Some ideas: 
* Add topical forums to Wikipedia, by a rough count around eighty different 
topics. The encyclopedia article (primarily the one in the current global 
common language of American English) is the central document which contains the 
facts around any particular issue, and forums serve not just as a centralized 
discussion place around the article, but serve as more general discussion 
places and a way of coordinating article development. Currently discussion 
about article development tends to be spread out across too many talk pages and 
WikiProject pages tend to be too development oriented. * Integrate Wiktionary 
and Wikidata entries in Wikipedia searches. As a technical idea where the 
problem is one of "'this particular data belongs in an encyclopedia, while this 
other nuancedly-different set belongs in a dictionary." Specifically dealing 
with Wiktionary and Wiktionary because together with Wikipedia these should 
cover the whole Semantic Field.* Similar to above: Clicking on links is like 
doing a specific search.. deliver similar Wikidata and Wiktionary entries at 
top in addition to going to article. Clicking on links has that pidgeon-holing 
problem as well, of this topic (a link is basically a search entry already 
filled-out for you). Solution.. show a little related metadata at the top, and 
as a consequence.. continued:* Formalize the way disambiguation links are 
handled. An approach to developing Wikipedia is simply covering all possible 
topics. Including Wiktionary and Wikidata entries in Wikipedia searches is a 
technical idea that helps develop these other two projects and also lets them 
and their different handling help Wikipedia build and integrate articles, and 
Wikidata allows the idea of including.. continued:* Categorical language to 
cover the whole Semantic Field of ideas (building a dictionary of ideas, in 
term and phrase forms, which formalize "talking generally"): Talking about a 
thing might receive suppression (from either or both governments in the World) 

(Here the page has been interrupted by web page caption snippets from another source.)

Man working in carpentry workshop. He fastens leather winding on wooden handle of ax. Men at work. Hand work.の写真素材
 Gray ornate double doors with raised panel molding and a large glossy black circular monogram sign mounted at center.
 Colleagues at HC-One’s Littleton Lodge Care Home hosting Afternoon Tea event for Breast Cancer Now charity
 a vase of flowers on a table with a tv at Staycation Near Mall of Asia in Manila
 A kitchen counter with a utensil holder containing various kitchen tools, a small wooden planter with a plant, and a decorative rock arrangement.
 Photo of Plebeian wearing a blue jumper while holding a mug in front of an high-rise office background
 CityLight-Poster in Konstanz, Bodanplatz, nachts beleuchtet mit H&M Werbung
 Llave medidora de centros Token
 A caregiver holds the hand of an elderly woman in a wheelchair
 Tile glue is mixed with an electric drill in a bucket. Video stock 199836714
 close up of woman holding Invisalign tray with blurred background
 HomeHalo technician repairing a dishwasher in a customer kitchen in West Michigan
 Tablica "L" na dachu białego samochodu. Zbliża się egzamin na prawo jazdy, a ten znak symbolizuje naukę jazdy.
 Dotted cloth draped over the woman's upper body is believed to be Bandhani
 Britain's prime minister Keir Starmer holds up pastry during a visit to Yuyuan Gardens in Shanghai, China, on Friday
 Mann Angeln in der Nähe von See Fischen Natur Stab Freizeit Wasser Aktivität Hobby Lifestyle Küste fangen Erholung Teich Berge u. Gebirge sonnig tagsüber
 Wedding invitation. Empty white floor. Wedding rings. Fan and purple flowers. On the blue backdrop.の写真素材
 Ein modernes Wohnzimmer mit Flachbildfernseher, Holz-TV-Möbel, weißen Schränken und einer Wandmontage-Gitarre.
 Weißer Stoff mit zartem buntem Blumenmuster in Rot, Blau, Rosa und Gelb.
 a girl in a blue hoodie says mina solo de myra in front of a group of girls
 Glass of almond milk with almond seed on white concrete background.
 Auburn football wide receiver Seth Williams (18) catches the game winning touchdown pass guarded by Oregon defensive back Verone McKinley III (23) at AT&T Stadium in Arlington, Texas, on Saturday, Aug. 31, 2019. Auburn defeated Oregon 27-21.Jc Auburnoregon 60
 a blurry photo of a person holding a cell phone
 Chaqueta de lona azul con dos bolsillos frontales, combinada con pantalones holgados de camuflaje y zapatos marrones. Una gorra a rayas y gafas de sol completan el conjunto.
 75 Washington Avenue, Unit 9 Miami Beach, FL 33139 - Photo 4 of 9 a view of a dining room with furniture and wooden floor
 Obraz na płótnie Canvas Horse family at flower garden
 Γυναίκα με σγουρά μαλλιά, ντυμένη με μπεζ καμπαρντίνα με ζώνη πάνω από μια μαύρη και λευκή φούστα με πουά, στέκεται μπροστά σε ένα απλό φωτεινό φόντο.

because talking about a thing along would (or in some legalistic arguments 
"might") reveal secrets about people. But news and history still have to be 
documented based on a reporting of events, and talking categorically is a way 
to say what's going on without being "defaming," because we aren't being 
specific. * Update opinion/policy regarding Machine translation-transformation 
and its implementation. The idea of each language getting its own wiki was the 
open ended approach, and was successful even though it has had some drawbacks 
the other is using the big languages to receive users into more and more 
assisted arenas, where machine translation (contract with Army/Google) is 
mature enough to integrate into the editing and discussion form. * Political: 
Fortify against the slippery slope that lets defamation arguments receive 
automatic or near-automatic legal suppression. The standard cartoon is where 
the lawyers argue that something a nation state does in the way of a crime has 
to be suppressed from news and history "because" its of a "defamation" to the 
unelected or elected leaders.  The idea of "suppression" (was called 
"oversight," really..) as permissible gets to that issue much debated about 
what kind of world are we going to have.. does it have too much suppression in 
it, such that there are things which we are categorically forbidden from 
reporting, even though we in the United States and other non-monarchial regions 
do not live by an anti-democratic philosophy of government.